■ EXERCISE PROMPT
After locating the line that contains "Black Round Foil Balloons - Image 7" in the records below, write out exactly that line and each line after it through the one that contains "60041 Stainless Steel", and nothing else.

■ RECORDS FOR THIS EXERCISE
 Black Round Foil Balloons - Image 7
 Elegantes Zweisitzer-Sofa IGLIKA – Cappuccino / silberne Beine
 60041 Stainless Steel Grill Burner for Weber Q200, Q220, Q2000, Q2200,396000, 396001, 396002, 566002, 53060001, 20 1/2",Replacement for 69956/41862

...

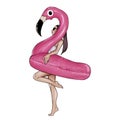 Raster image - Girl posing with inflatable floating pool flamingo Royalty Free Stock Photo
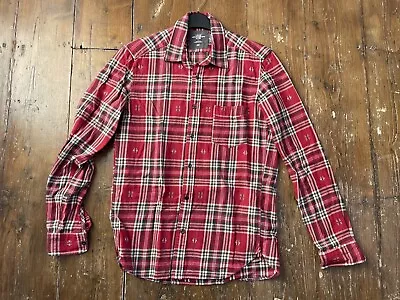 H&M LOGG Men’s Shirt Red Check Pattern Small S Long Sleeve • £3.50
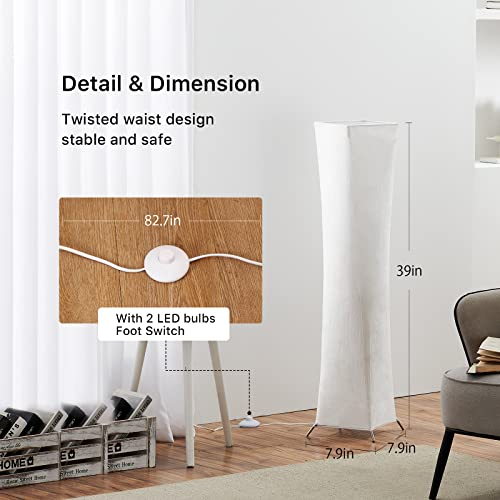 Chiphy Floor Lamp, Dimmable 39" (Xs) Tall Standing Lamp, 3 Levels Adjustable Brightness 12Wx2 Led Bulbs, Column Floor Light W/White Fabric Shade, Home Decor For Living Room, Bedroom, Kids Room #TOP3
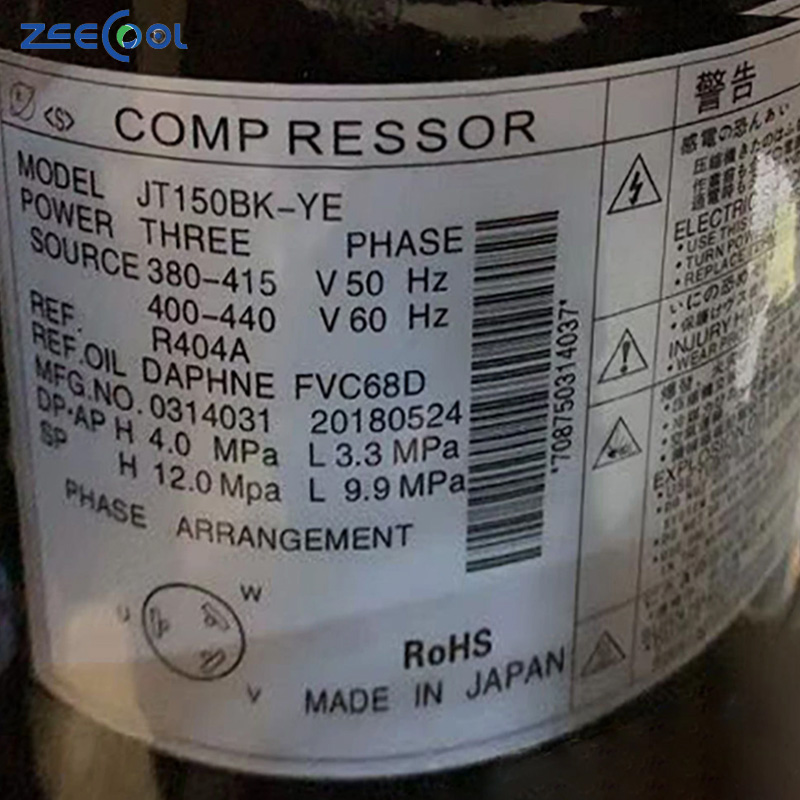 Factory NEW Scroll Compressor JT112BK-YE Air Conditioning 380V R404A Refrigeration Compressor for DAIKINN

■ THE COMPLETED TASK
 Black Round Foil Balloons - Image 7
 Elegantes Zweisitzer-Sofa IGLIKA – Cappuccino / silberne Beine
 60041 Stainless Steel Grill Burner for Weber Q200, Q220, Q2000, Q2200,396000, 396001, 396002, 566002, 53060001, 20 1/2",Replacement for 69956/41862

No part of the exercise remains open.